**Your task:** Beginning with the line of the entries below that holds "Aloe 'Christmas Sleigh'" and ending with the line that holds "Hoover's Calicoflower photo 6", transcribe each line exactly as written. Pictures stay out.

--- Extracted data ---

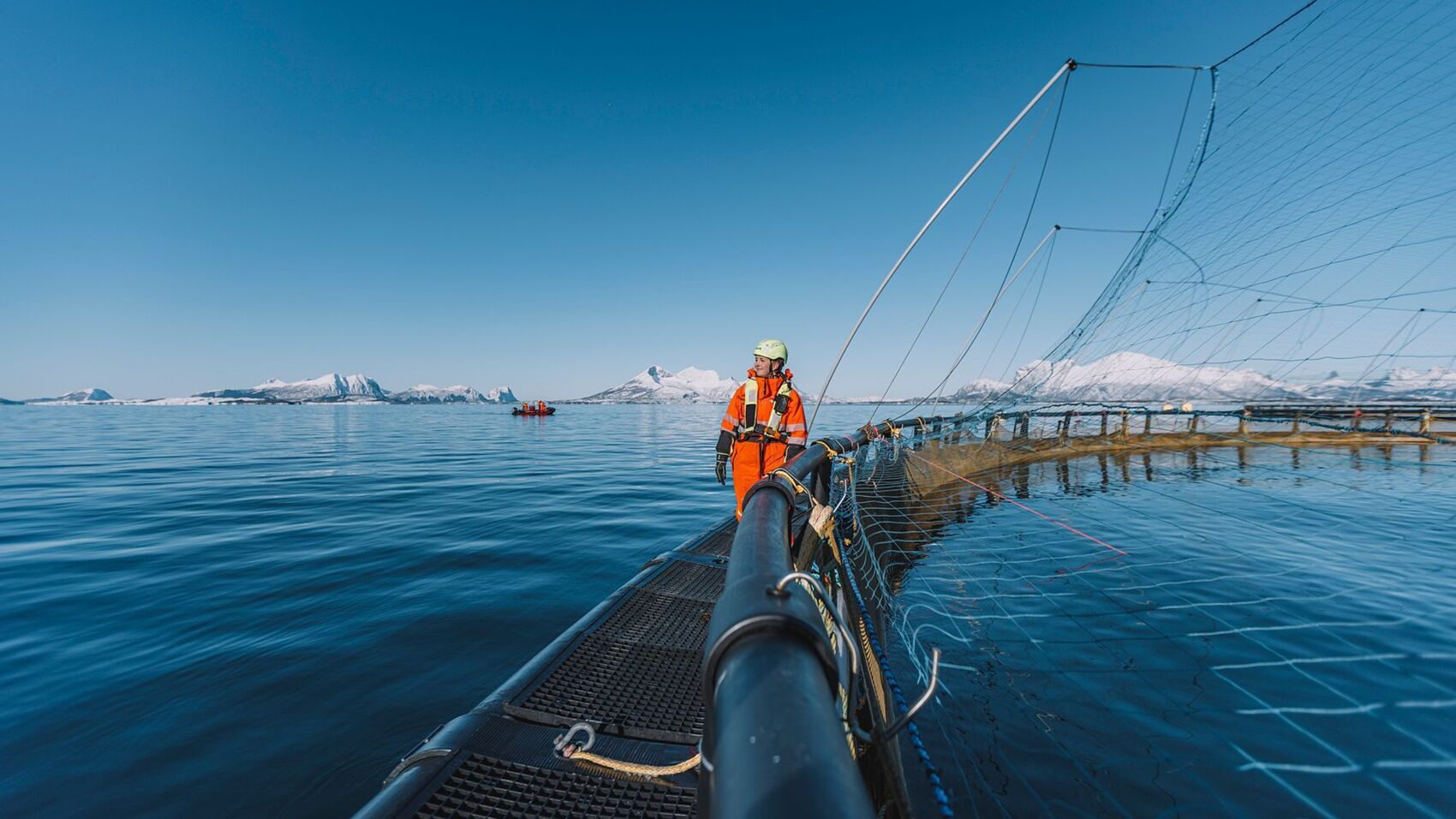 In the report we describe our preventive approach as vaccination, screening and monitoring in each of the operating regions, Norway, Chile and Canada. (photo: Karoline Pettersen)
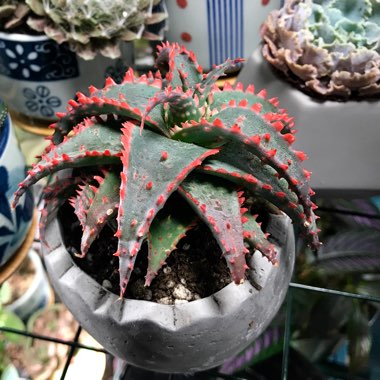 Aloe 'Christmas Sleigh'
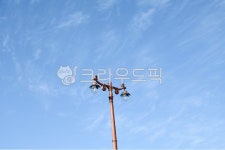 맑은, 하늘, 가로등, natural, cloud, 사진,이미지,일러스트,캘리그라피 - 아모게작가 크라우드픽 - 저작권 걱정 없는 상업용 이미지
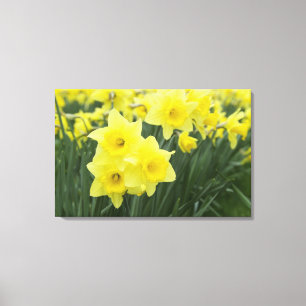 Lienzo Daffodils RF)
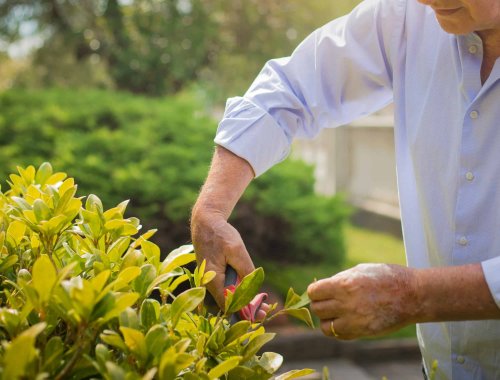 9 PLANTS YOU SHOULD NOT PRUNE IN SUMMER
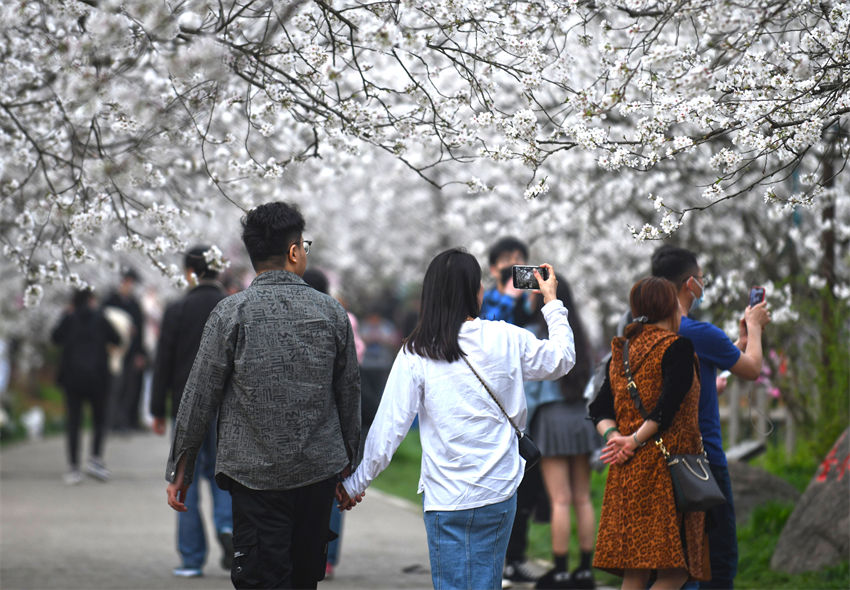 Galeria: Parque de Cerejeiras do Lago Leste, Wuhan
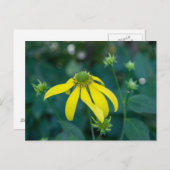 緑の頭付きベニバナイエローワイルドフラワーポストカード ポストカード (正面/裏面)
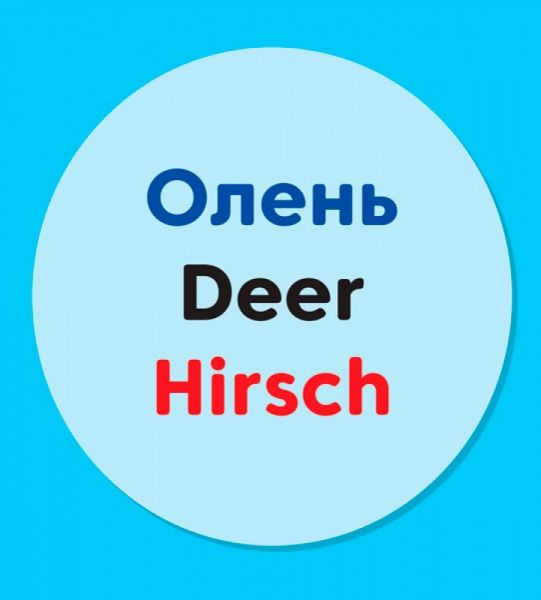 Книжка-розвивайка «Словничок у малюнках : Дикі тварини» 978-966-7491-21-5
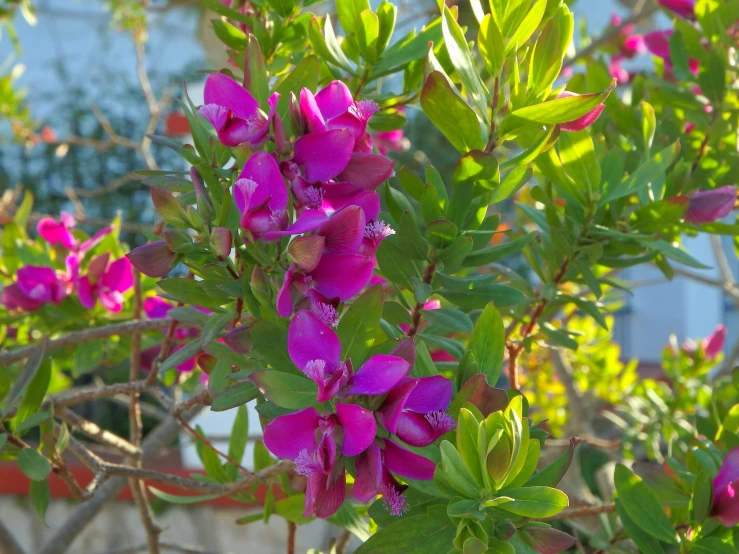 purple flowers with green leaves bloom in the foreground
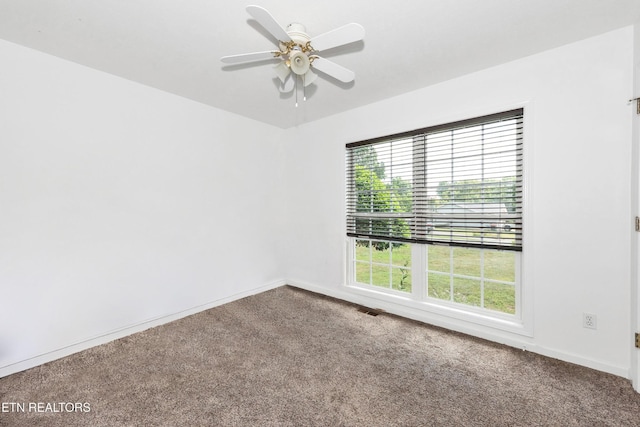 113 Muscovy Way, Maryville, TN 37801 - photo 20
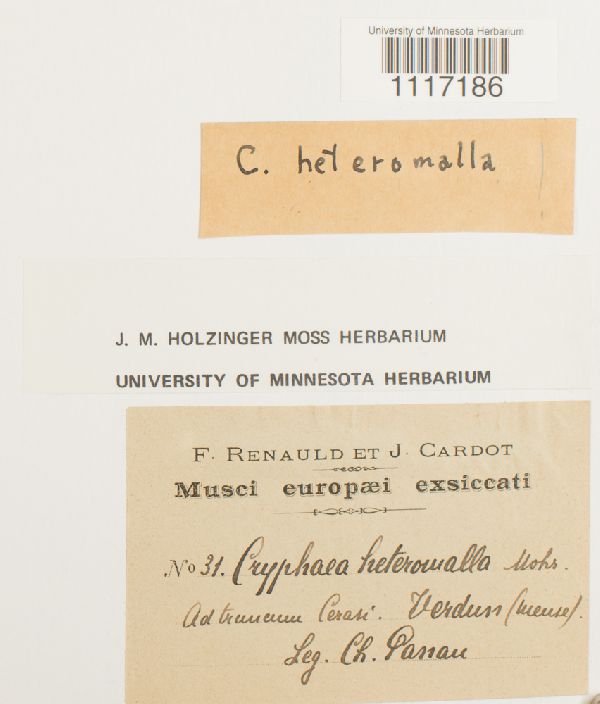 Cryphaea heteromalla image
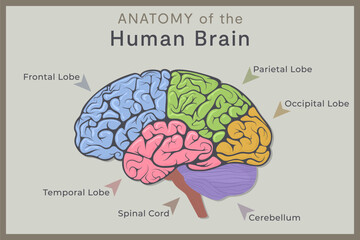 Anatomy of the Human Brain: Structure and Functions. Vector Illustration for Education. Study of Anatomy within the Fields of Physiology, Psychology, and Neurology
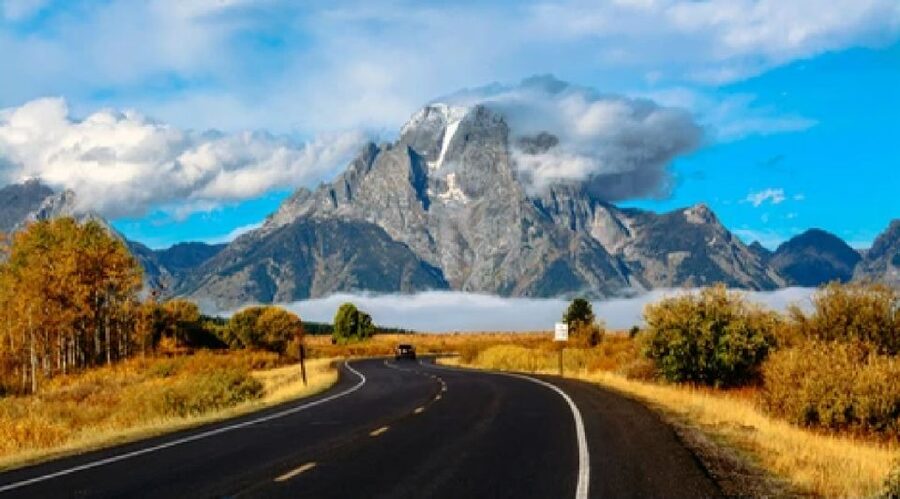 Jackson: Grand Teton National Park Guided Wildlife Tour - Who should book this tour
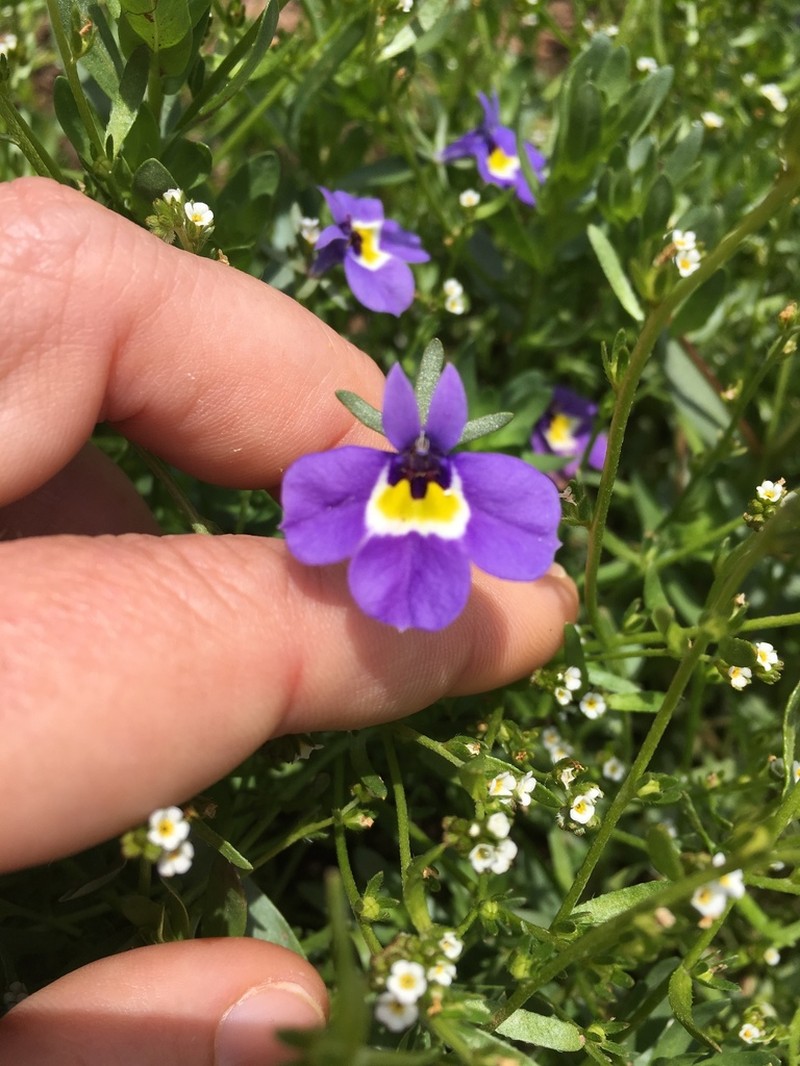 Hoover's Calicoflower photo 6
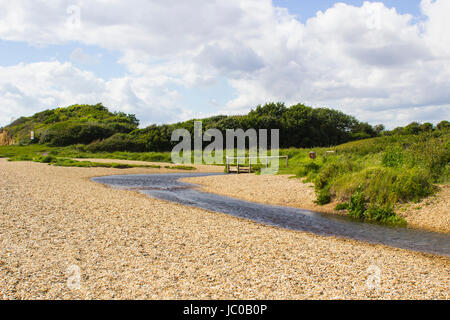 Die pulverförmigen Remoteshell Strand und hölzerne Fußgängerbrücke auf dem Solent Weg, Southampton Water Ende Haken Lane Reitweg, Titchfield gemeinsamen Stockfoto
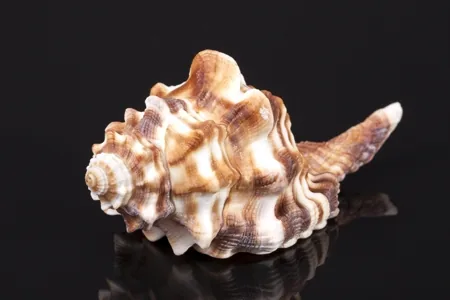 Horse Clam, large clam with tough outer skin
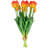 18 " Tulip Arrangement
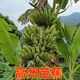 廣東高州粉蕉高州大香蕉牛角蕉芭蕉小時(shí)候的味道新鮮南蕉丑蕉 （高州芭蕉/牛角蕉） 5斤 現砍現發(fā)（青皮發(fā)貨）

---

**Result:**
 Aloe 'Christmas Sleigh'
 맑은, 하늘, 가로등, natural, cloud, 사진,이미지,일러스트,캘리그라피 - 아모게작가 크라우드픽 - 저작권 걱정 없는 상업용 이미지
 Lienzo Daffodils RF)
 9 PLANTS YOU SHOULD NOT PRUNE IN SUMMER
 Galeria: Parque de Cerejeiras do Lago Leste, Wuhan
 緑の頭付きベニバナイエローワイルドフラワーポストカード ポストカード (正面/裏面)
 Книжка-розвивайка «Словничок у малюнках : Дикі тварини» 978-966-7491-21-5
 purple flowers with green leaves bloom in the foreground
 113 Muscovy Way, Maryville, TN 37801 - photo 20
 Cryphaea heteromalla image
 Anatomy of the Human Brain: Structure and Functions. Vector Illustration for Education. Study of Anatomy within the Fields of Physiology, Psychology, and Neurology
 Jackson: Grand Teton National Park Guided Wildlife Tour - Who should book this tour
 Hoover's Calicoflower photo 6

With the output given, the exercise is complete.